But I digress. To return: the literary artist cannot address IT. All writer's know IT well--that thing we cannot write but write around. IT drives the text. IT is in consciousness and behind consciousness. IT fuels the return of the repressed but is not the result of that return. IT is visible and invisible, opaque and translucent. I think of IT as analogous to the "splash of red" Maupassant's madman sees in "Le Horla." IT has a quality not quantity, and that is how we address IT to each other--through prose and verse. Consequently, we only modify Its qualities in language. The philosopher is in many ways dedicated to addressing our limits by iluminating those same limits, therefore taking us closer to IT with language. In this manner, we all write forward together.

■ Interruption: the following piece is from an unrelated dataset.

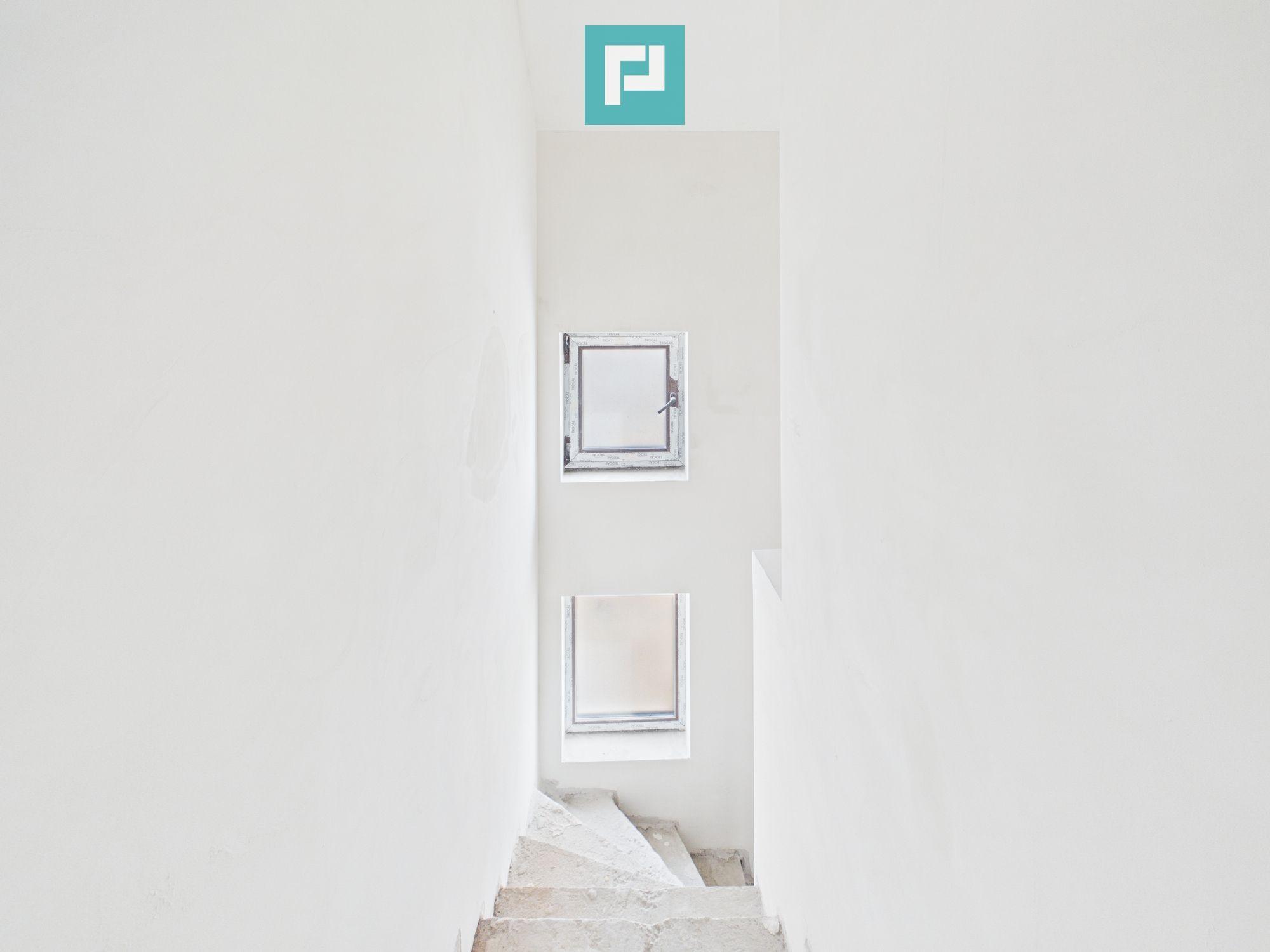 Duplex spațios 102 mp utili, teren 350mp in Covaci - 19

The arrow again. Broken yet

swift and accurate.



Laura Carter said...

Fab fab post, Gary. I love it.

Gary Norris said...

an honest thank you.

Thomas Basbøll said...

Thanks for your post Gary. Just a quick correction. I wasn't quoting Wittgenstein on white chickens. To my knowledge he doesn't talk about white chickens. Wittgenstein says, "If you do know that _here is one hand_, we'll grant you all the rest" (OC§1) in response to G. E. Moore, who used the fact that he had one, even two, hands as a kind of epistemic bedrock. Something he "knew" and could not be mistaken about.

Replace Moore with the WCW of the Red Wheelbarrow. I've never been entirely happy with my appropriation of W.'s sentence (maybe I'm not entirely happy with the sentence.) Maybe this would be better:

If you can imagine _the white chickens_, I'll grant you all the rest.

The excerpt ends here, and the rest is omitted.